CC	@chandlerc,@fhahn,@JosephTremoulet

Extended Description

Some of our code started failing to compile when change ed9df5bd2f50b changed the optimization pipeline. The attached repro case demonstrates the issue (seen via opt -passes 'default<O3>' or at https://godbolt.org/z/3vccKbxb5).

The optimizations done to clean up inlined code can result in code being smaller when considered as a transitive inline from a subsequent SCC than it was when considered from its own SCC. This makes the inlines look more favorable after their SCC has already converged, defeating the intent that the bottom-up ordering will ensure that prior SCCs are already flattened out to the point that inlining deeply through them will be undesirable.

Why commit ed9df5bd2f50b triggered this in our code is that the function sizes before and after inlining cleanup now happen to yield inline costs that straddle the threshold.

The attached repro case is structured as follows:

• It contains an SCC comprising a series of tiers. Each tier is densely connected (one edge short of a clique), and has one edge to the next tier, with the last having an edge back to the first, completing the cycle.
• Each individual function in each tier has just the right size and redundant code (a handful of noop stores) so that calls to it are not inlined when the large SCC is visited, but are inlined when it is revisited by transitive inlining of the next SCC.
• The only other code is a singleton SCC (function @​outside_scc) that calls into the large SCC.

Inlining in @​outside_scc proceeds until the InlineHistory kicks in and cuts it off, which permits one inline of each acyclic path through the SCC, and the number of such paths is exponential in the number of tiers, hence the code explosion.

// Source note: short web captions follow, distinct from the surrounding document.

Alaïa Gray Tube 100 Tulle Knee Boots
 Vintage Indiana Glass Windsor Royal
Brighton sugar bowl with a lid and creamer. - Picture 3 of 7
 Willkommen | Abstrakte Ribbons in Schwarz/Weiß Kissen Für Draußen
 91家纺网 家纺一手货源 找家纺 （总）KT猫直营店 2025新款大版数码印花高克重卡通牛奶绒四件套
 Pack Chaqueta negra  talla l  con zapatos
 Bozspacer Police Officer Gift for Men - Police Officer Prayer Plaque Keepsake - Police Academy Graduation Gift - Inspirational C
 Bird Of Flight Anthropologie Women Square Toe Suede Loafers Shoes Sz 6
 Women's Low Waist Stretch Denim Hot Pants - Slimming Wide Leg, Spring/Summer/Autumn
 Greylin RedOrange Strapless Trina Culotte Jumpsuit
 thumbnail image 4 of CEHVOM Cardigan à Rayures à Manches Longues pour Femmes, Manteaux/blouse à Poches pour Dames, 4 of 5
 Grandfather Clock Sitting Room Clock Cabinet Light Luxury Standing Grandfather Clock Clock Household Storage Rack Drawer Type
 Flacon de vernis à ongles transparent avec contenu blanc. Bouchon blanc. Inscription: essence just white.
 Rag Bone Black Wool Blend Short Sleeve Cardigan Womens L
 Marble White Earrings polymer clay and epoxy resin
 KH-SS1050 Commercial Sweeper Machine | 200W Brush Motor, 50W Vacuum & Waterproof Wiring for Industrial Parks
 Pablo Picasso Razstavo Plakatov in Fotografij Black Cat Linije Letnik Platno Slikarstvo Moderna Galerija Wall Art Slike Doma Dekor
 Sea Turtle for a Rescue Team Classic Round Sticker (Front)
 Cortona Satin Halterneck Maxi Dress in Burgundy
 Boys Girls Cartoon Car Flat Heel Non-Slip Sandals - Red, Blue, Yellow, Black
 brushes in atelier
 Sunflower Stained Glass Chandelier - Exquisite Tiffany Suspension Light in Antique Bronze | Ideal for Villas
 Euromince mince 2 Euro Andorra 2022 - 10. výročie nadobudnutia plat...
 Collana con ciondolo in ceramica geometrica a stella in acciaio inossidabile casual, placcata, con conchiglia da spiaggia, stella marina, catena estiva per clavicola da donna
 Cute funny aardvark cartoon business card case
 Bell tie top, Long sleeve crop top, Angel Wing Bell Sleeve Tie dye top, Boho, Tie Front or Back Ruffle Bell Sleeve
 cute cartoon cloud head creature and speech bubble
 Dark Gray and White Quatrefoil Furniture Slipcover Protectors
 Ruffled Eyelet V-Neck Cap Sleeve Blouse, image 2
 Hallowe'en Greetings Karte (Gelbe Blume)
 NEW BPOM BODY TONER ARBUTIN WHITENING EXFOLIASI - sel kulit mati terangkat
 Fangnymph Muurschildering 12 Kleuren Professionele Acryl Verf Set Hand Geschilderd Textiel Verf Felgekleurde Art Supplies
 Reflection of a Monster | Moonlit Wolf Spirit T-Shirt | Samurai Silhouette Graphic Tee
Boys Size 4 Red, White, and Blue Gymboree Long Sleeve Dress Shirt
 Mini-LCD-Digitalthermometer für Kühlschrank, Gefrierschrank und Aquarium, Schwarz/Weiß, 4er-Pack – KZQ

The original repro cases we've seen this in are actually two of the specint2k benchmarks, though of course this is using our custom toolchain, so I'd say it occurs in code that's real to us (we'll need a fix downstream regardless of what happens upstream).

[JosephTremoulet]

Hongtao, I'm assigning this to you per your comment "I will work on a separate per-function capping mechanism" at https://lists.llvm.org/pipermail/llvm-dev/2021-June/151006.html, since we expect such a cap to resolve this issue.

Please reassign if I've misunderstood. Thanks.

[JosephTremoulet]

cc @​chandlerc, not sure how closely this may be related to the issue in llvm/llvm-project#32419 .

cc @​fhahn, since ed9df5bd2f50b ostensibly triggered this and I don't know if maybe there's a phase-ordering fix that would make sense.

[JosephTremoulet]

Some ideas for potential approaches to fixing the issue:

1 - During inlining, rather than adding every inlinee's callsites to the worklist of inline candidates, only do so when the inlinee is in the current SCC. This would seem to be in line (no pun intended) with the intent of the inliner, that calls left in already-converged SCCs are unprofitable inlines. But I'm not sure I'm interpreting that intent correctly.

2 - Arrange the optimization passes so that cleanup can't happen between one SCC and the next, so that the inline costs won't change between the time when a call is processed in its own SCC vs the next. I'm not sure how feasible that is.

3 - Adjust the InlineHistory logic to also have a cap on the length of CG paths it inlines. That would make the upper bound on code growth sensitive to the fan-out of the call graph, rather than its depth, which would help because fan-out, unlike depth, can't be arbitrarily increased without making the individual functions too big to inline.